EXERCISE BRIEF =
Repeat the data word for word and skip the pictures.

* * * * * * *

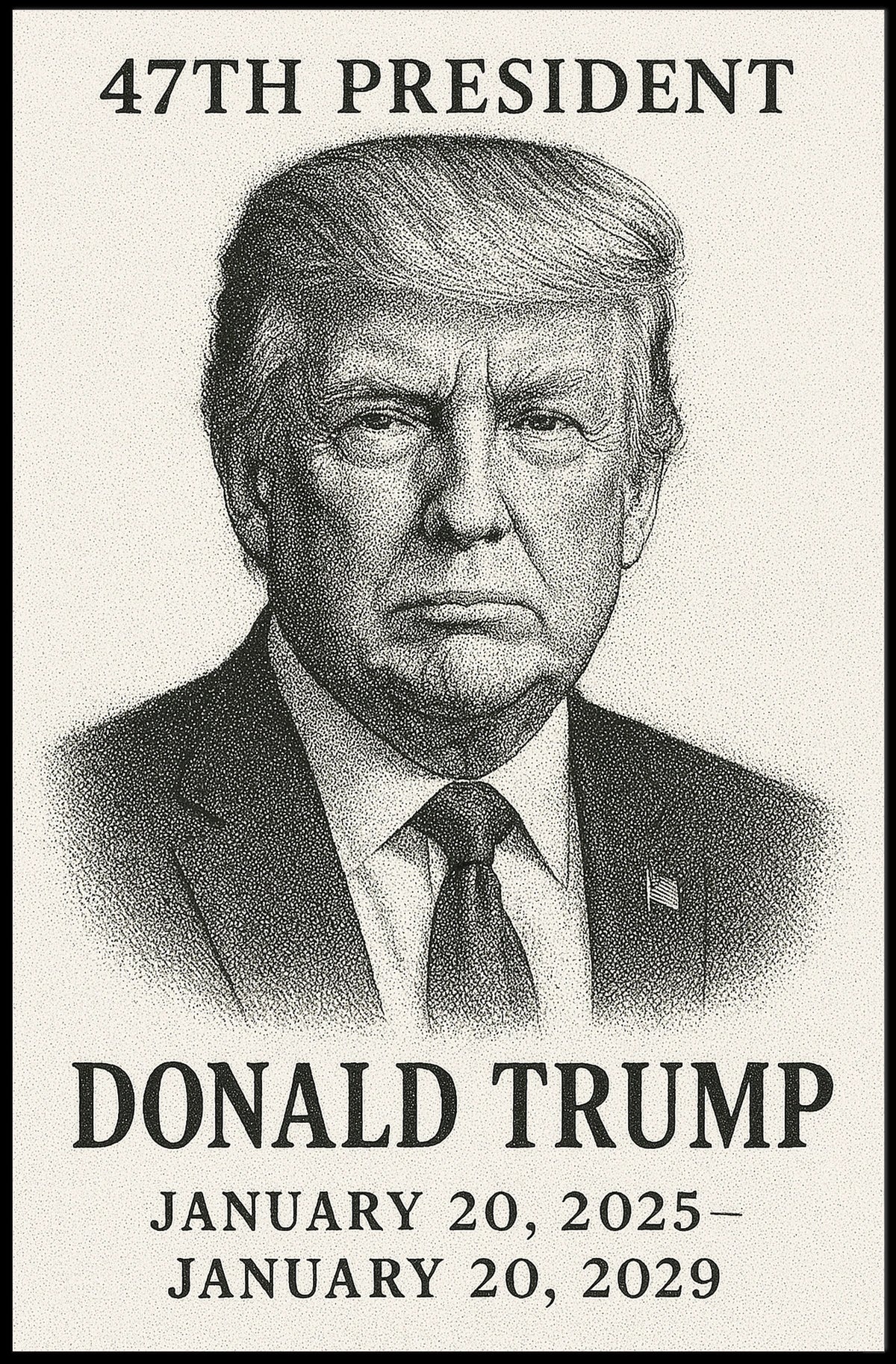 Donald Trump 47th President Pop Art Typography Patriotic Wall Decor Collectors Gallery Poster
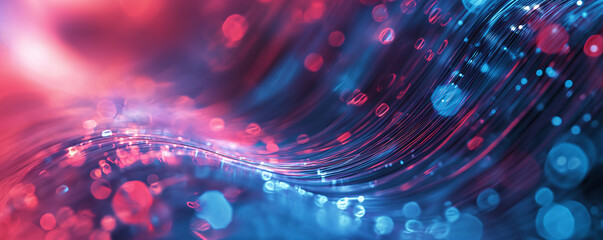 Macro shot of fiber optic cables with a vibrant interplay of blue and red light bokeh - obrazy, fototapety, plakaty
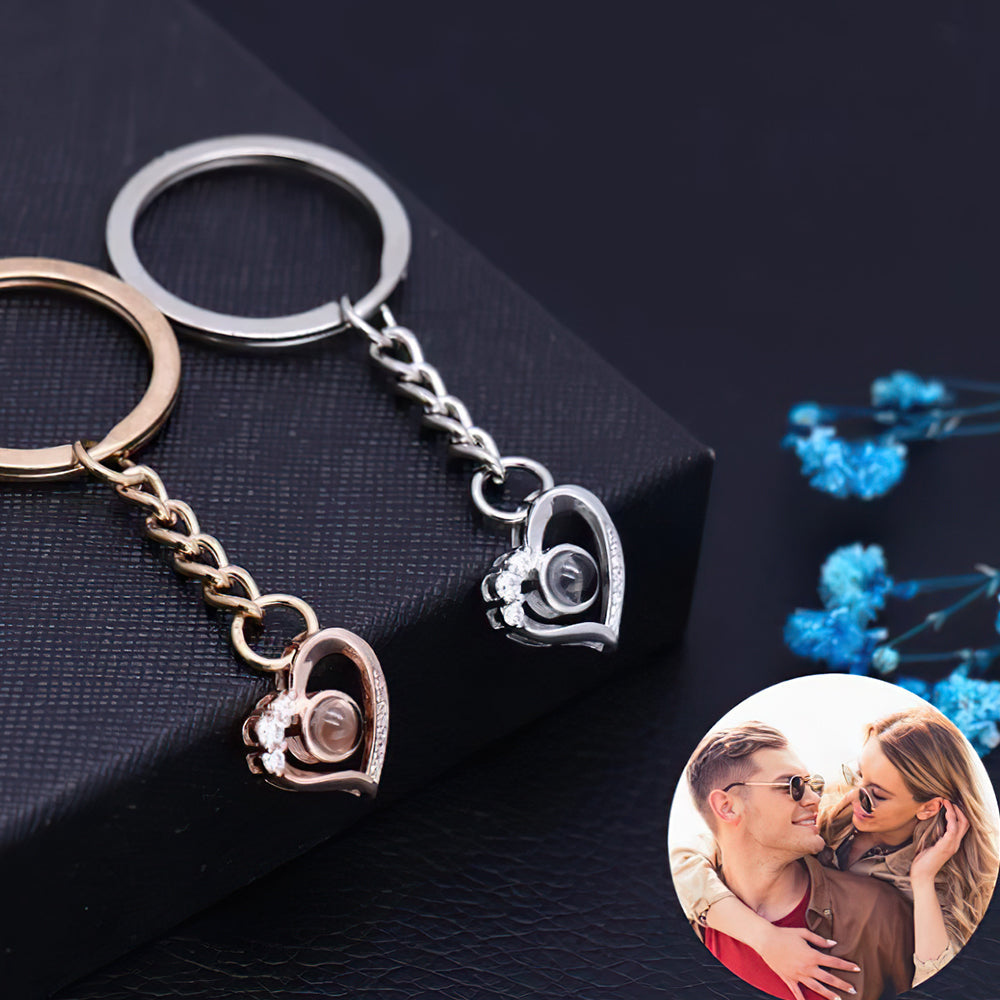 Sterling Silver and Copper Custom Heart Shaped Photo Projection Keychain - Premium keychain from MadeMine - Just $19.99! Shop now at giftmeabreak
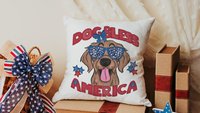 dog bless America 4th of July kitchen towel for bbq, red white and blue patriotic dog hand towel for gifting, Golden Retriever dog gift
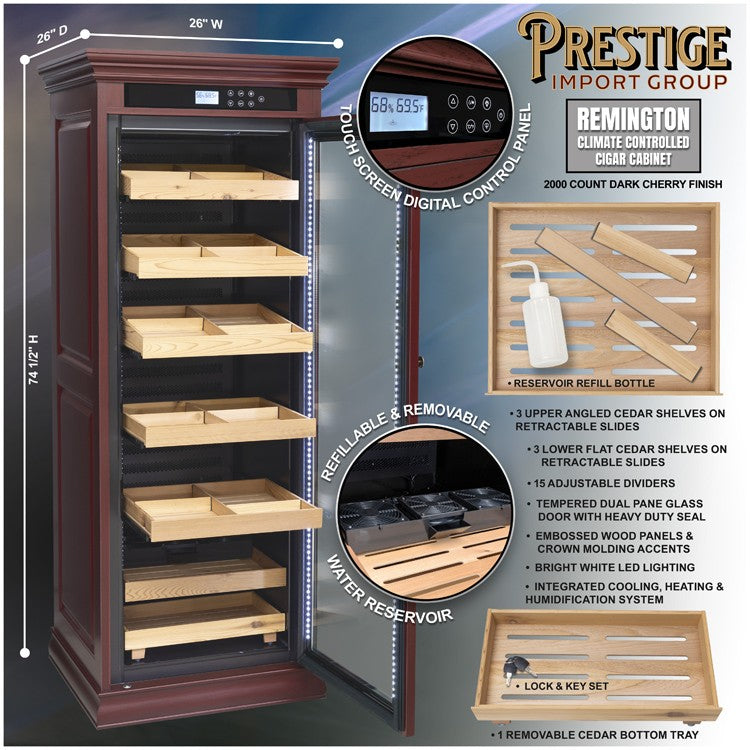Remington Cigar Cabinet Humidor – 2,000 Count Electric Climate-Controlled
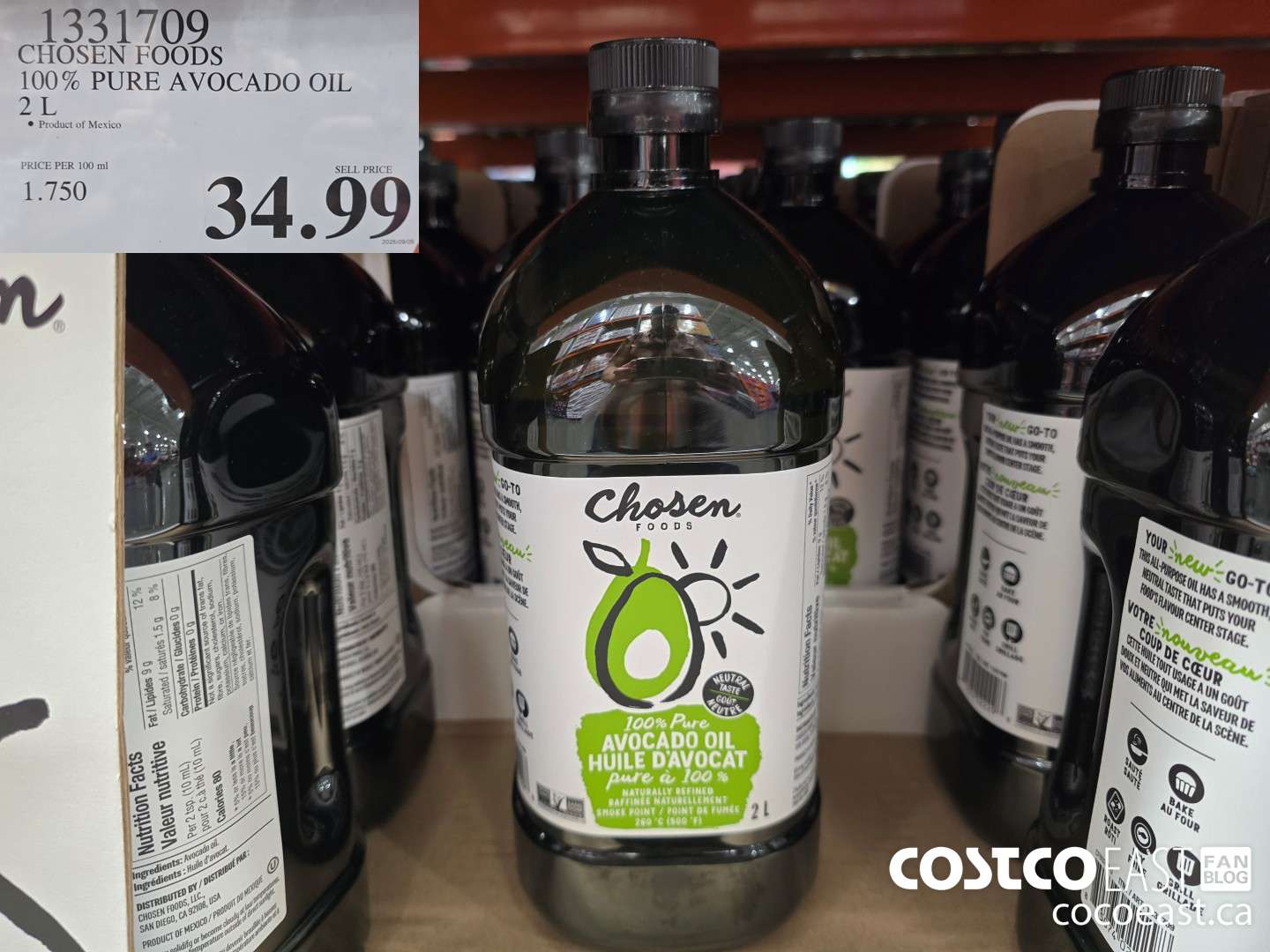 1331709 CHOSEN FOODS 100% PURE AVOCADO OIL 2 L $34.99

* * * * * * *

FINISHED EXERCISE =
 Donald Trump 47th President Pop Art Typography Patriotic Wall Decor Collectors Gallery Poster
 Macro shot of fiber optic cables with a vibrant interplay of blue and red light bokeh - obrazy, fototapety, plakaty
 Sterling Silver and Copper Custom Heart Shaped Photo Projection Keychain - Premium keychain from MadeMine - Just $19.99! Shop now at giftmeabreak
 dog bless America 4th of July kitchen towel for bbq, red white and blue patriotic dog hand towel for gifting, Golden Retriever dog gift
Remington Cigar Cabinet Humidor – 2,000 Count Electric Climate-Controlled
 1331709 CHOSEN FOODS 100% PURE AVOCADO OIL 2 L $34.99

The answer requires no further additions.